* WHAT YOU SHOULD DO:
Only a slice of the listing below is wanted. Retype the lines from the one containing "Four lollipop candies" through the one containing "bathroom with baseboards, vanity, and toilet", exactly, both ends included.

(GIVEN DATA begins)

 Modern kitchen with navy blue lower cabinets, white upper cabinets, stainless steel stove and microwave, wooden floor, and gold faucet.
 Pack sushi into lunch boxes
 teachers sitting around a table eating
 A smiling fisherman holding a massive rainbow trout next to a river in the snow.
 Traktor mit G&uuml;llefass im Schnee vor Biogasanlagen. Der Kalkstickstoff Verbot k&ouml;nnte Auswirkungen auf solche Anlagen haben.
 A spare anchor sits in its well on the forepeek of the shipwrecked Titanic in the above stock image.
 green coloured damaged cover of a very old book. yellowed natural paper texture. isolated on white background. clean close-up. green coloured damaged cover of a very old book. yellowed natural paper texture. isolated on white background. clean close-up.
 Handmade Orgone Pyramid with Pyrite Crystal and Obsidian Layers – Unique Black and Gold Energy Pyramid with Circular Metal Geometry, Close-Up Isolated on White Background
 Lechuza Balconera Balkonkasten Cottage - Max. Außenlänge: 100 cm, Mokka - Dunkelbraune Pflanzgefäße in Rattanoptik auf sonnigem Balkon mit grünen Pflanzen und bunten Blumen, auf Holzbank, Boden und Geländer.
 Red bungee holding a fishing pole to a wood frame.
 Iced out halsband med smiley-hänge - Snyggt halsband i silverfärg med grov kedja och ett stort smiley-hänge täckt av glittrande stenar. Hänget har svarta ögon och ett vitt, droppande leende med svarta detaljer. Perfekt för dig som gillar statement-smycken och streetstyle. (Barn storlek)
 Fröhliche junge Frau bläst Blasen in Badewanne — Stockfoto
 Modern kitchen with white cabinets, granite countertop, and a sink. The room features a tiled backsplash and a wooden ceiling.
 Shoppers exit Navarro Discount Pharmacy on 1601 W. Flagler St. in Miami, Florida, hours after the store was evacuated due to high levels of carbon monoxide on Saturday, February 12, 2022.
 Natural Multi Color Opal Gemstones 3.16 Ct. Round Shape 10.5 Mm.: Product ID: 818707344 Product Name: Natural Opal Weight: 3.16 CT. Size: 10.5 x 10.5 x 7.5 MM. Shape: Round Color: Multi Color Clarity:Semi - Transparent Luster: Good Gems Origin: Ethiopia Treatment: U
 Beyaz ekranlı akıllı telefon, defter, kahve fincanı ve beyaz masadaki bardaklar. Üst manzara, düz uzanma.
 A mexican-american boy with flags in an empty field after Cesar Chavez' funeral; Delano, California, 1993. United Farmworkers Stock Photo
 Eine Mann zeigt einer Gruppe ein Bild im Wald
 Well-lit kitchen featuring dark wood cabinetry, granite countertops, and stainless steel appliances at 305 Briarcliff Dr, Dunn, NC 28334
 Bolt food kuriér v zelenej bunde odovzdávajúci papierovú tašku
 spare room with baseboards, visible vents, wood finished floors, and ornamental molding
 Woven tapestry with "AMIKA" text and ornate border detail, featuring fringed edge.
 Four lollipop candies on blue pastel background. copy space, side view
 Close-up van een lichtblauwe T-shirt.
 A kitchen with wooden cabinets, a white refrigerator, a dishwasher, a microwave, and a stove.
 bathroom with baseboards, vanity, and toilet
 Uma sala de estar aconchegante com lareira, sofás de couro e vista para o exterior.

(GIVEN DATA ends)

* YOUR SOLUTION:
 Four lollipop candies on blue pastel background. copy space, side view
 Close-up van een lichtblauwe T-shirt.
 A kitchen with wooden cabinets, a white refrigerator, a dishwasher, a microwave, and a stove.
 bathroom with baseboards, vanity, and toilet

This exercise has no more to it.